Zimbabwe's government on Monday denied reports that it had signed an agreement allowing Iran to mine uranium, saying there was no certainty that the southern African state had commercial uranium reserves.
President Robert Mugabe told Iranian President Mahmoud Ahmadinejad in Harare last week that Zimbabwe backed Iran's controversial nuclear program and accused the West of seeking to punish the two countries for asserting their independence.
But Industry and Commerce Minister Welshman Ncube on Monday dismissed a report in Britain's Daily Telegraph claiming Harare had struck a deal allowing Tehran to mine untapped uranium reserves to secure raw material for its nuclear program.

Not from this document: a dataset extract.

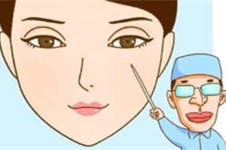 宁波双眼皮手术案例分享 看哪家医院双眼皮手术做的好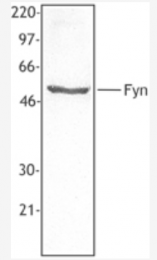 AM33106PU-S - FYN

Mugabe with Ahmadinejad in Zimbabwe last week (Photo: AFP)
The report said Zimbabwe would get oil for access to potential uranium deposits.
"It's not true. No such agreement was signed," said Ncube, a minister from a splinter faction of the Movement for Democratic Change in Zimbabwe's unity government.
"There is no certainty that Zimbabwe has uranium deposits. You first have to prove that there are uranium deposits and that has not been done," he told Reuters.
Ahmadinejad was in Zimbabwe last week for a two-day visit and there was no official indication of any link between his trip and Iran's nuclear program.
Mugabe has previously said the country holds uranium deposits which have yet to be exploited.
Iran faces a possible new round of United Nations sanctions over its refusal to halt uranium enrichment. The West accuses Tehran of trying to build nuclear weapons. Iran says it aims only to generate electricity.
Ncube said Zimbabwe and Iran had only signed general cooperation agreements in the fields of energy, science and technology and agriculture but officials from the two countries still had to meet to finalize details of any investment.
Asked whether Zimbabwe would in future consider jointly mining uranium with Iran, Ncube said: "There is no evidence that Zimbabwe has commercial deposits of uranium, so that question does not arise at all."